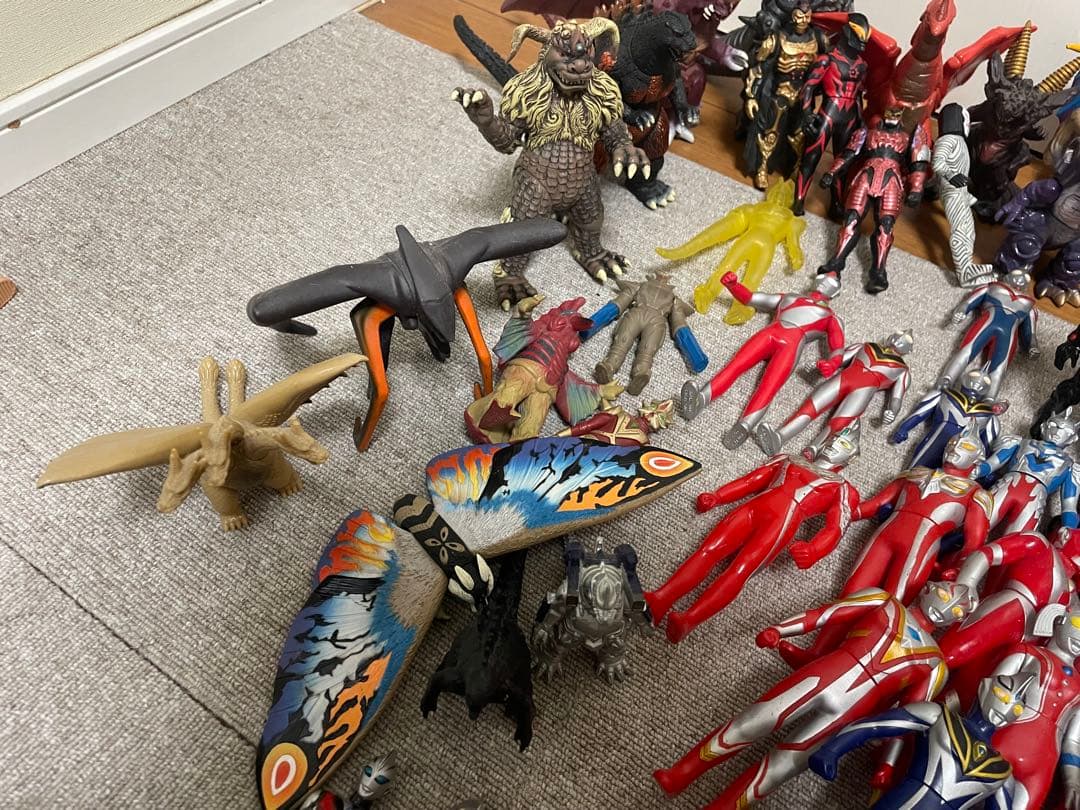 ウルトラマンシリーズ ゴジラシリーズ ソフビ フィギュア まとめ売り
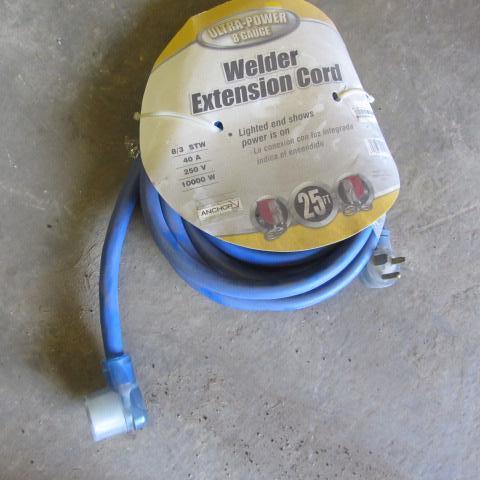New Welding Extension Cord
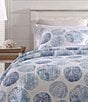 Tommy Bahama Ocean Isle Cotton Reversible Quilt Mini Set, Color:Blue - Image 7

- _Your goal_
Take the line containing "New Welding Extension Cord" through the last line of the material and retype exactly those lines, both ends included, with no pictures.

- _Result_
New Welding Extension Cord
 Tommy Bahama Ocean Isle Cotton Reversible Quilt Mini Set, Color:Blue - Image 7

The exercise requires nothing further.